Respondents in a recent YouGov survey were asked whether they think that various groups of people give more to society than they take, or whether they take more than they give. Working class people come out on top in the eyes of most Americans if you look at society as 'givers' and 'takers'. 72% of Americans say that working class people give more than they take, while only 10% say that they take more than they give.
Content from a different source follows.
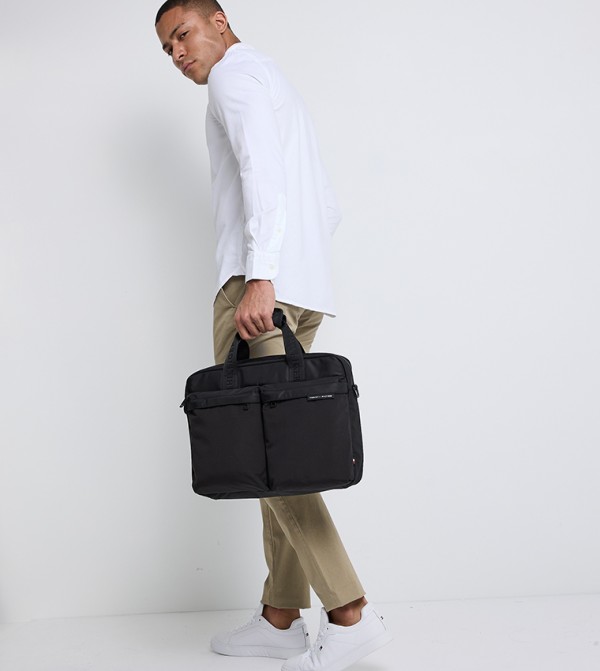 Tommy Hilfiger  Laptop Bags - Black undefined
Middle class people (65%) and women (59%) are the only other groups which most people describe as 'givers'. Upper class Americans (55%) are the most likely to be described as 'takers'. 

Apart from the upper class, only two groups tend to be seen as 'takers' rather than 'givers': black Americans and Hispanic Americans. 45% of the country views black Americans as 'takers', while only 20% see them as 'givers'. 35% say that Hispanics are takers and 31% say that they are givers. 
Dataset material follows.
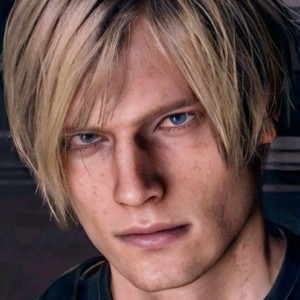 Leon RE4 R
50% of white Americans say that blacks take more than they give, while 16% say that they give more to society than they take. 44% of Hispanics say that black Americans take more, while 45% of black Americans say that they give more than they take. 

Respondents were asked to identify which class they consider themselves. 45% of white Americans identify as working class while 52% identify as middle class. There is very little difference between working class whites (49%) and middle class whites (51%) in how likely they are to view black Americans as 'takers'. 

Ideology, however, has a significant impact. Liberal whites tend to say that blacks give more than they take, with 41% of white liberals, something working class white liberals also agree with. Most white moderates (53%) and white conservatives (69%) say that black Americans take more than they give. 

White Americans (38%) are much less likely than either black Americans (83%) or Hispanics (62%) to say that their racial identity is important to them. There is very little difference between working class (38%) and middle class (40%) whites on this issue, though conservative whites (44%) are slightly more likely than liberal whites (37%) to say that their race is important to them. 

Most white Americans (62%) say that your class has a bigger impact on your life in America than your race (19%), something black Americans definitely do not agree with. 67% of black Americans say that race is more important than class, something only 23% disagree with. Hispanics are split 41% to 41%. 

Full poll results can be found here and topline results and margin of error here.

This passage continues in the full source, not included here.